Zippy shook her head. ‘Back in the day,’ she said, ‘there was the Police House, the district nurse down Back Lane, Doctor Heathcote over in Pickhill.’
Liz nodded, remembering her earlier thoughts. ‘How many people actually live here now?’
Again, Zippy sighed. ‘Fewer than thirty, I reckon. And I’m not being funny, but a number of them aren’t that long for this world.’
‘Okay!’ Sidrah sounded excited as she appeared with an armful of tea towels. ‘I’ve cotton and I’ve linen. Which do you think would be best?’
From where he was tied up by the front door, Buddy Dog emitted a sharp bark, as if to say, ‘Here goes.’

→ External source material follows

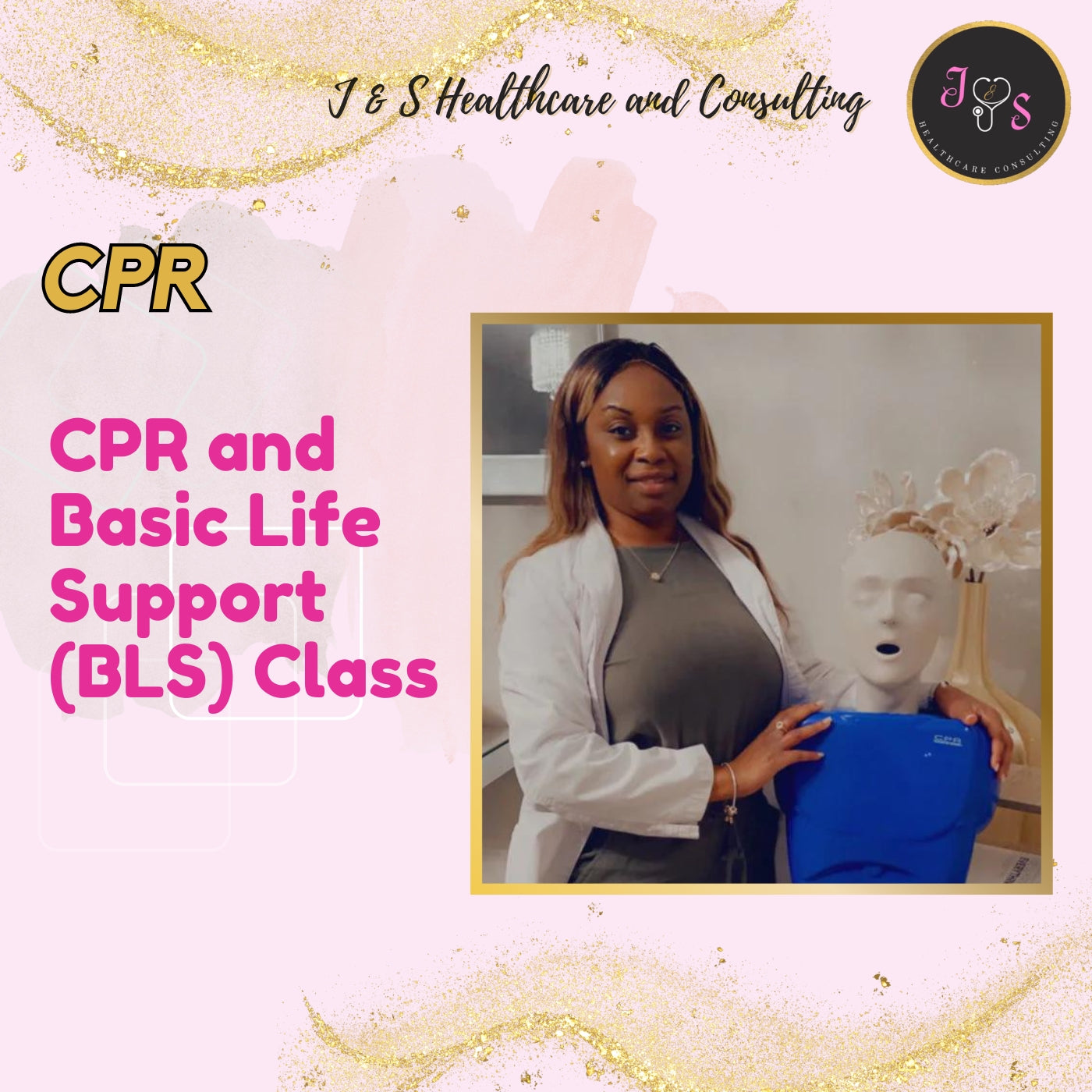 CPR and Basic Life Support (BLS) Class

The living room door was ajar and the noise of flies from within made them slow their already cautious progress and instinctively clutch at each other, whilst outside Buddy Dog howled mournfully. Once again there was the faint smell of stables but this time it was overlain by something else, something Liz’s scared mind shied away from identifying. Breath sticking in her gullet somewhere, Liz gingerly pushed at the door. An overpowering, sickly sweet smell wafted out on a cloud of warm air and angry flies.
‘OMG,’ said Sidrah in a small voice. ‘The smell of death!’
Zippy Doodah sniffed suspiciously. ‘More like Prosecco,’ she pronounced. ‘Very cheap Prosecco.’ She crossed the room andopened the curtains, revealing an irregular, discoloured stain on the edge of the carpet. At the edge of this was an overturned bottle of KostKwik Fizz-tastic, with purple lipstick stains just discernible around the neck. It was around this stain where the flies clustered and buzzed.
As one, they reluctantly turned their eyes to the sofa.
Ffion Hilton lay on her back, eyes wide open, staring, face slipped, T-shirt rucked unbecomingly up round her middle. Feeling as if she were in some fevered daydream, Liz approached the supine figure, watched by Zippy and Sidrah who were clinging to each other. She bent over the figure, laid a cautious finger against the side of the neck.